4. A nurse is caring for a client who is postoperative and has an indwelling
urinary catheter. Which action should the nurse take?
A. Position the drainage bag on the client’s bed.
B. Keep the catheter tubing free of kinks.
C. Empty the drainage bag when it is half full.
D. Disconnect the catheter from the drainage bag daily.
 Answer: B
 Rationale: Kinks prevent urine drainage and increase risk of infection.
The drainage bag should stay below bladder level.


5. Which of the following is an example of using therapeutic
communication?
A. “I know exactly how you feel.”
B. “Why did you refuse your breakfast this morning?”
C. “Tell me more about what worries you at night.”
D. “You should not feel anxious; everything will be fine.”
 Answer: C
 Rationale: Open-ended questions encourage clients to express feelings.
Options A, B, and D are non-therapeutic.


6. A nurse is reinforcing discharge teaching with a client who has heart
failure and is prescribed a low-sodium diet. Which food should the nurse
recommend avoiding?
A. Fresh apple slices

, 2025-2026 3

B. Canned tomato soup
C. Steamed broccoli
D. Brown rice
 Answer: B
 Rationale: Canned and processed foods often contain high sodium,
which can worsen heart failure.
]
7. Which client finding indicates fluid volume overload?
A. Weight loss of 1 kg in 24 hours
B. Flat neck veins when supine
C. Bounding pulse and crackles in lungs
D. Hypotension and dry mucous membranes
 Answer: C
 Rationale: Signs of overload include bounding pulse, jugular vein
distension, and pulmonary crackles.


8. A nurse is preparing to administer an intramuscular injection into a
client’s ventrogluteal site. Which action should the nurse take?
A. Locate the greater trochanter and the iliac crest.
B. Inject the needle at a 45-degree angle.
C. Use a ½ inch needle.
D. Aspirate for 10 seconds before injecting.
 Answer: A
 Rationale: The ventrogluteal site is located by placing the hand on the
greater trochanter and the index finger on the anterior superior iliac spine.

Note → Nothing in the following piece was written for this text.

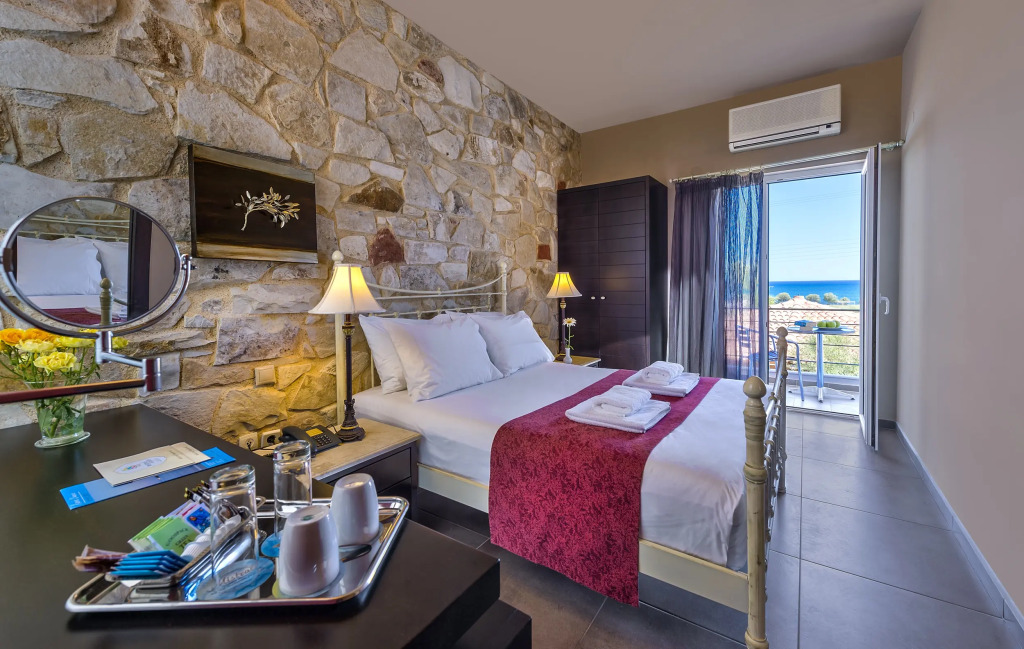 Mistral Hotel - Singles Only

9. A nurse is reinforcing teaching with a client about home oxygen safety.
Which statement indicates understanding?
A. “I will use petroleum jelly to keep my lips from drying out.”
B. “I will store the oxygen tank upright in a stand.”
C. “I can smoke in another room while using oxygen.”
D. “I will drape the oxygen tubing under the rug to prevent tripping.”